Almost precisely a year later – on 18 August 2008 – I was faced with a similarly egregious failure to comply with the Practice Direction. (I had in fact had many similar experiences during the intervening period.) A bundle and a skeleton argument reached me, having been hand-delivered by counsel’s clerk to my court, at 10.20 on the morning of the hearing. Prior to then, all that had been lodged in accordance with the Practice Direction was an appropriately brief and focussed skeleton argument from the respondent which enabled me to see that what I was supposed to be hearing was an appeal from a decision of a District Judge sitting in the PRFD in an application brought under Part IV of the Family Law Act 1996. When I examined the bundle, during the ten minutes or so which was all I had before going into court at 10.30 to hear the first case in my list, I found that the index at the front of the bundle proclaimed it to be the index to the bundle for a hearing on 28 and 29 July 2008 in the PRFD. Counsel’s skeleton argument likewise proclaimed on its front page (cf paragraph 4.3 of the Practice Direction) that it had been prepared for a hearing on 28 July 2008. I was of course sitting not in the PRFD but in the High Court and not on 28 July 2008 but on 18 August 2008, so the relevance of the bundle was not immediately apparent to me. I searched in the index for any reference to a notice of appeal; I found none. I searched for any order made in late July 2008; I found none. I searched for the transcript of a judgment, but the only judgment I found was dated 14 March 2008 whereas the other indications I had seen suggested that I was concerned with something which had happened in the PRFD in late July 2008. At this point I had to go into court.

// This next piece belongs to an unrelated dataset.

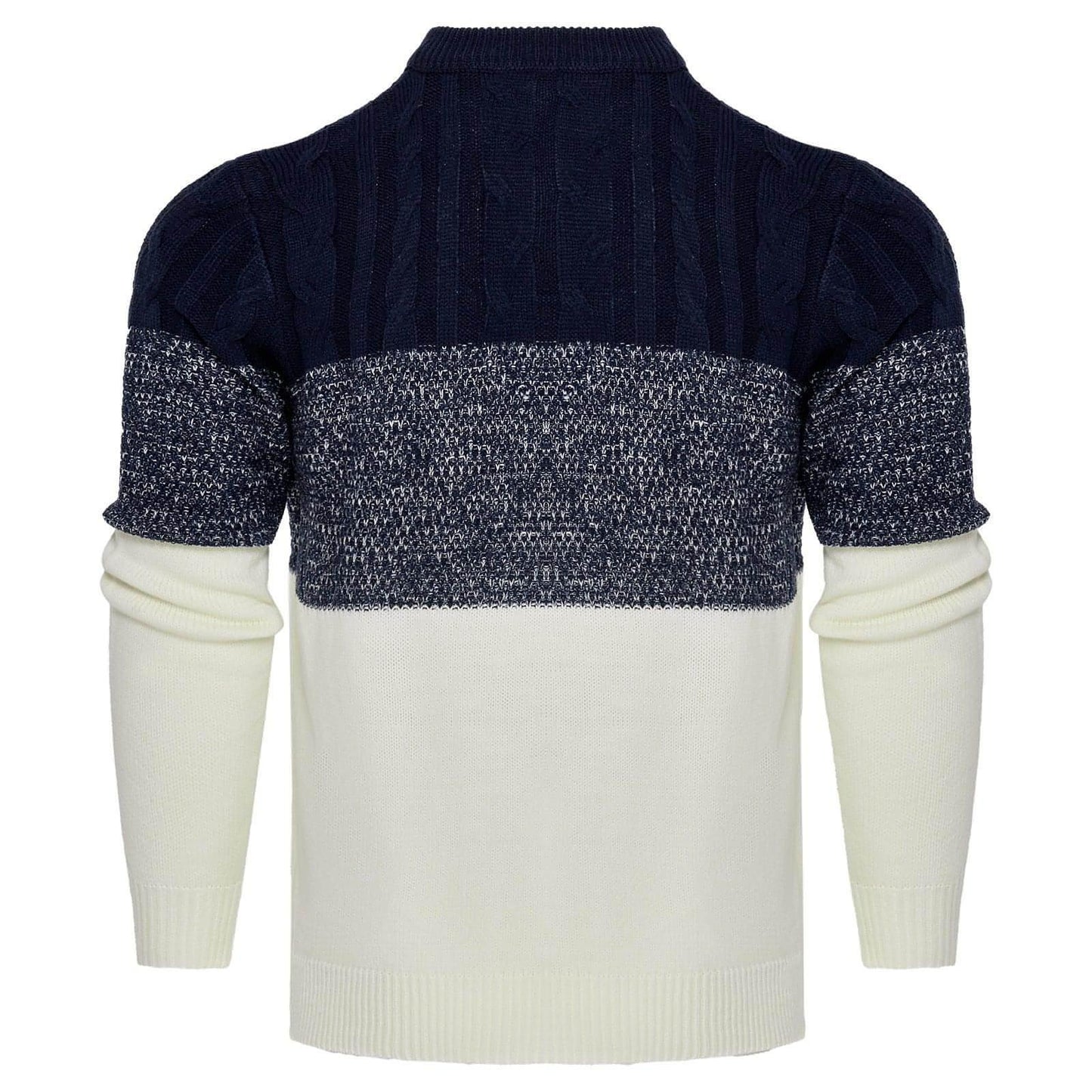 Men's Casual Color Block Long Sleeve Cable Knit Pullover Sweater - Which Mark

Once I had dealt with the first case in my list, the other case was called on. I expressed my grave concerns about the state of the bundle and its late delivery. I was given two explanations.
The first, which went to the content and format of the bundle, was to the effect that the appeal was indeed from the judgment given on 14 March 2008, that the notice of appeal was in fact to be found in the bundle, albeit unhelpfully and inaccurately described in the index as an “application notice”, and that the bundle had indeed been prepared for the hearing of the appeal, which had been listed on 28 July 2008 albeit that the case had then had to be adjourned until 18 August 2008. I was handed up copies of the two orders which had been made on 28 July 2008. They could and should have been included in the bundle; they were not. Counsel, to whom credit is due for not attempting to make excuses, and who readily acknowledged his responsibility for those of the failings which were down to him, accepted that I had, albeit wholly unintentionally, as of course I accept, been misled by the erroneous references in the index and the skeleton argument to a hearing on 28 July 2008, rather than on 18 August 2008, and by the erroneous reference in the index to the PRFD, rather than the High Court, and by the omission from the bundle – in my judgment a clear and significant non-compliance with the Practice Direction – of copies of the orders made on 28 July 2008 and of any document explaining that the bundle had been prepared for a hearing which had had to be adjourned. In part these deficiencies were the responsibility of counsel; in greater part the responsibility of the solicitors.
Now if I had had the luxury of more time in which to study the skeleton argument and the bundle and its contents I would no doubt have discovered what had been going on, what it was I was supposed to be deciding, and what I should be reading. But due to the late arrival of the bundle and the skeleton I did not of course have that luxury, for by the time I had reached this point I had to go into court to hear the other case. And if I had been given more time, I would in part have been wasting my time for of the two primary matters identified in the skeleton argument as requiring decision, one, as I was subsequently told, though there was nothing in either the bundle or the skeleton to alert me to this fact, had in fact been resolved at the earlier hearing on 28 July 2008 and therefore no longer required my consideration.
In case some may think that I was being unduly pedantic, and that I should have assumed that I did indeed have the correct, up-to-date, bundle and the correct up-to-date skeleton, I would observe only that too often, particularly when complaint has properly been made, as here, that no bundle has been lodged, the bundle which eventually arrives – late and in haste – is the bundle used on some previous occasion and without any of the relevant Practice Direction updating material within it, just as, too often, the requirements of paragraph 4.7(b) of the Practice Direction – that all superseded documents and outdated skeleton arguments shall be removed from the bundle – are not complied with. So it is far from exceptional to receive a bundle which is in fact the unaltered and out-of-date bundle from an earlier hearing.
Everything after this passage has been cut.